The Major Oil Marketers Association of Nigeria (MOMAN) has threatened to stop further importation of petroleum products over a cumulative debt of N256 billion which it says the Federal Government currently owes its members.
Mr Obafemi Olawore, MOMAN’s Executive Secretary, who made the disclosure at a news conference on Friday, disclosed that the last time the government paid marketers’ subsidy claim was in February, 2015.
He said the payment was in form of a post-dated Sovereign Debt Note (SDN) amounting to N100bn, which would only mature at the end of April.
The secretary-general said that before the N100 billion was paid, the government was indebted to them to the tune of N315.8 billion.
Olawore said: “But if you deduct the N100 billion from the N315.8 billion, you will have N215.8 billion.

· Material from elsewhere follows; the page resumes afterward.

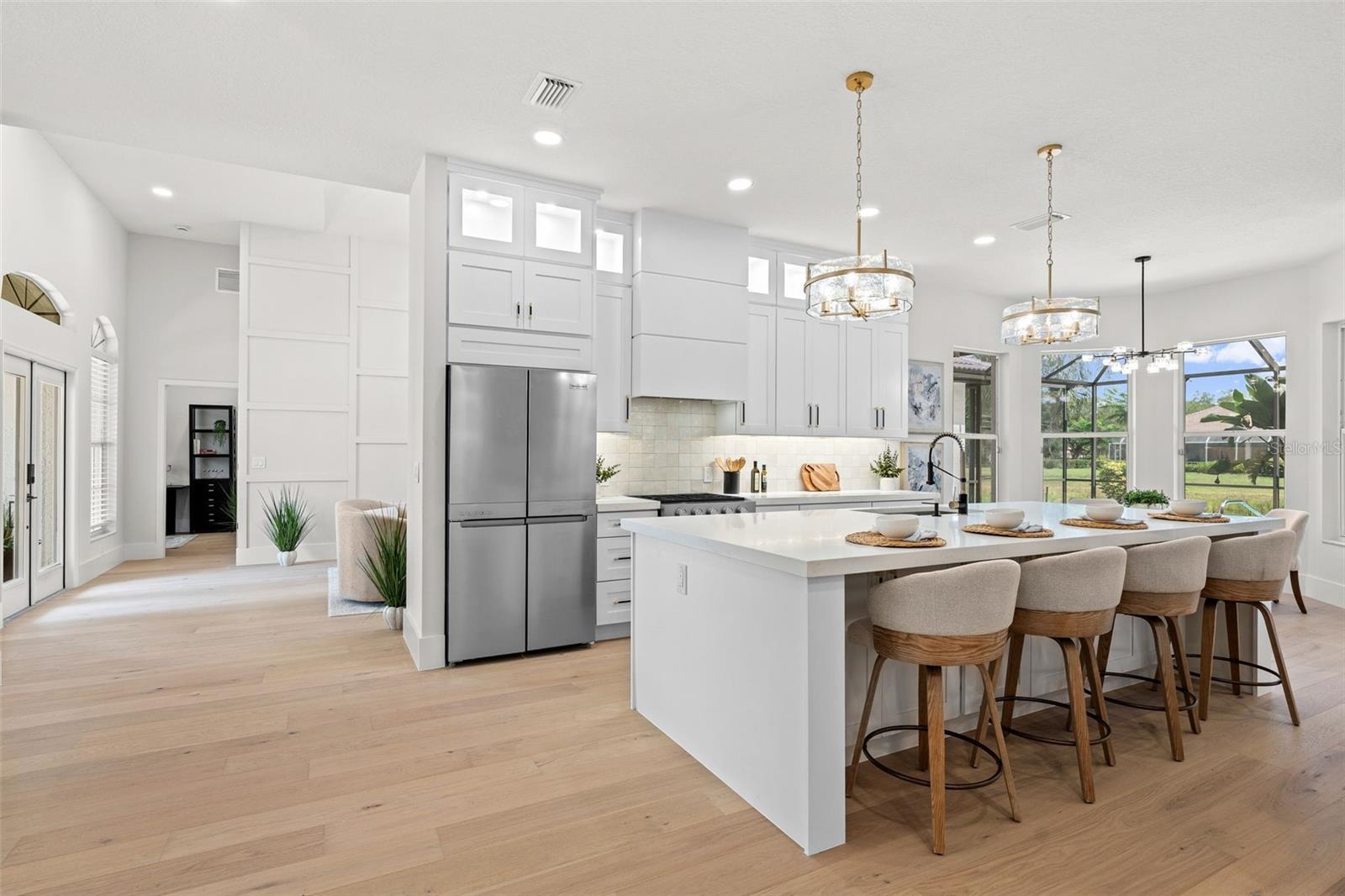 7318 Eaton, University Park, FL 34201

“Besides, the Petroleum Product Pricing Regulatory Agency (PPPRA) had earlier approved Batches T and U for last quarter of 2014 for payment which amounted to N30.5billion.
“In 2015, we also have Batches A and B for the products imported by MOMAN which has been approved by PPPRA but had not been paid.
“This also amounted to N9.7 billion. So the money put together is N256 billion,” he said.
The MOMAN Scribe said that the unpaid subsidy had had a great toll on members’ businesses.
According to him, the situation has been worsened by the inability of the House of Representative to capture subsidy payment in the 2015 budget which they passed this week.
“If government is saying we should stop importation of petroleum or no more subsidies, they should please pay for what the association members have supplied.
“Right now, it is getting to a halt because we are bleeding; our suppliers are on us to pay for products supplied.
“As at April 22, what we have in our depots at Apapa will only last for three and half days, which shows that our members are finding it hard to bring in products.
“Our banks here are not even helping the situation because it has not been easy to access loan from them,” he said.
Olawore, therefore, urged the Federal Government to pay the subsidy claims of marketers if the nation must avoid an acute fuel scarcity.